Il ministero risponde a Pes (Pd): «Già realizzata una solida recinzione Ora al lavoro con Comune e Forestale per l’illuminazione e la videosorveglianza»

CABRAS. Se fosse possibile scomodare Socrate, il filosofo potrebbe rispondere così: «Tanto tuonò che alla fine piovve». Anche se la pioggia, nel caso di Mont’e Prama, potrebbe essere un impianto di illuminazione e di videosorveglianza invocato a più riprese dagli archeologi e finito al centro di un’interrogazione parlamentare firmata dal deputato del Partito democratico Caterina Pes, dopo un’intrusione negli scavi avvenuta nella notte tra il 21 e il 22 settembre dello scorso anno.

Ieri è invece arrivata la risposta del ministero dei Beni e delle attività culturali e del turismo (Mibact), firmata dal sottosegretario Francesca Barracciu: «Attualmente lo scavo è sospeso», ha precisato il sottosegretario, «poiché le piogge che hanno interessato l'area hanno provocato un ristagno d'acqua che non consente la prosecuzione dell’indagine stratigrafica in modo rigoroso».

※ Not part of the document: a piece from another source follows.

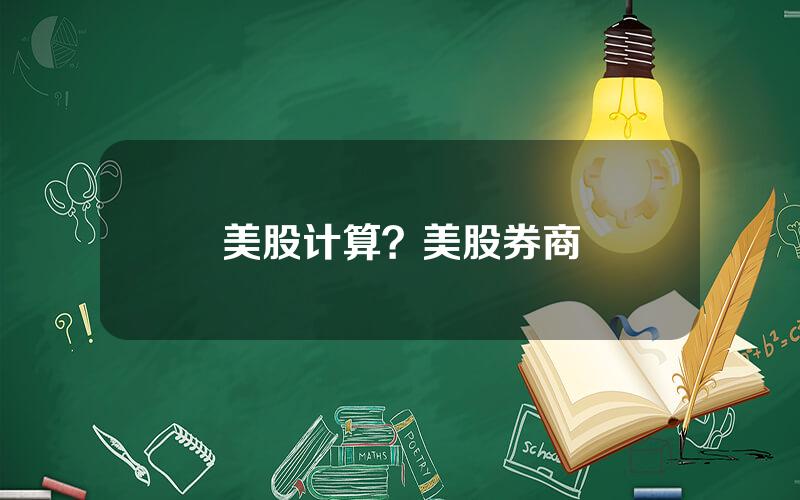美股计算？美股券商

Un contrattempo che sembra non aver fiaccato l’attenzione di chi è stato chiamato a vigilare sulla sicurezza all’interno dei sito dei giganti di pietra: «Nel frattempo la soprintendenza, con risorse aggiuntive, ha provveduto alla costruzione di una solida recinzione dell'intera area di scavo, per la quale ha chiesto l'autorizzazione della curia Arcivescovile di Oristano, proprietaria del terreno, e ha avviato i contatti con il Comune di Cabras e con il Corpo forestale della Regione per la realizzazione di un impianto d'illuminazione e di videosorveglianza», ha concluso Francesca Barracciu.

A distanza di alcuni mesi dall’intrusione dei tombaroli, o presunti tali, nel sito di Mont’e Prama è arrivata la conferma, da parte del ministero, di una trattativa con il comune di Cabras e con il Corpo forestale che dovrebbe portare alla realizzazione di un impianto di illuminazione e all’installazione di alcune videocamere puntate sugli scavi.

Una precauzione necessaria che, abbinata alla “solida recinzione”, potrebbe dare anche un aspetto più dignitoso a uno scavo importantissimo dal punto di vista archeologico ma molto meno tutelato da quello dell’immagine. Quello che si poteva vedere fino a poco tempo fa raccontava di

uno scavo sommerso dall’acqua piovana e di una recinzione ridotta in brandelli dalle folate gelide del vento di maestrale.

La rinnovata attenzione del Mibact, però, lascia ben sperare per il futuro di uno tra gli scavi archeologici più importanti al mondo.